Monday 26 November 2018

edges and boundaries

I'm trying to resist rushing into my aa2a project at Derby University and have allowed myself until the turn of the year to sit with and consider my developing ideas. I've spent a number of enjoyable and chilly hours drawing and photographing hedgerows and pathways, and photographing stone walls to draw later. 

Today I visited Alison Uttley's birthplace for the third time, drawing and redrawing a pathway by the boundary of the farm, I spent time walking the hawthorn hedgerows and stone walls near the farm house. Drawing allows time to pause, think, to look, notice and understand these boundaries that inspire me. The notion of boundary is important within my evolving ideas, a physical barrier representing safety and respect.

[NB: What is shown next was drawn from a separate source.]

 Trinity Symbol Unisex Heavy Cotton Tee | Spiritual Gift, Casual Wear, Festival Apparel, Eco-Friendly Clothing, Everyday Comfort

 Overgrown hawthorn hedge near Bakewell

 Hedgerow near Bakewell

 Hedgerow drawings

 Stone wall boundary Castle Top Farm

 Wall and path boundary at castle Top Farm

Stone wall Castle Top Farm

Thursday 1 November 2018

lay of the land

My aa2a project is being conjured from the ether. I took the train from Matlock to Derby today to work in the university library. 

Now I know where author Alison Uttley was born I'm beginning to understand the lay of the land and where to look for a fleeting glimpse of the farmhouse rooftop from the train. I've read Our Village, Alison Uttley's Cromford and Country Hoard (bought in Scarthin Books) and the farm landscape is enlivened by her writing.

Today I took this photo and enjoy the blur, centred is the farmhouse, hunkered down, grounded, immovable.

art library joy

Felt so at home in Derby University library today, gathering and rediscovering my core and repeatedly visited art references. My dyslexia was fierce, looking up books made difficult by one minute being able to spell a word and the next unable... Got there in the end!

I carried off the Subversive Stitch and Louise Bourgeois An Unfolding Portrait. Its thrilling wandering an art library, thankful for the opportunity.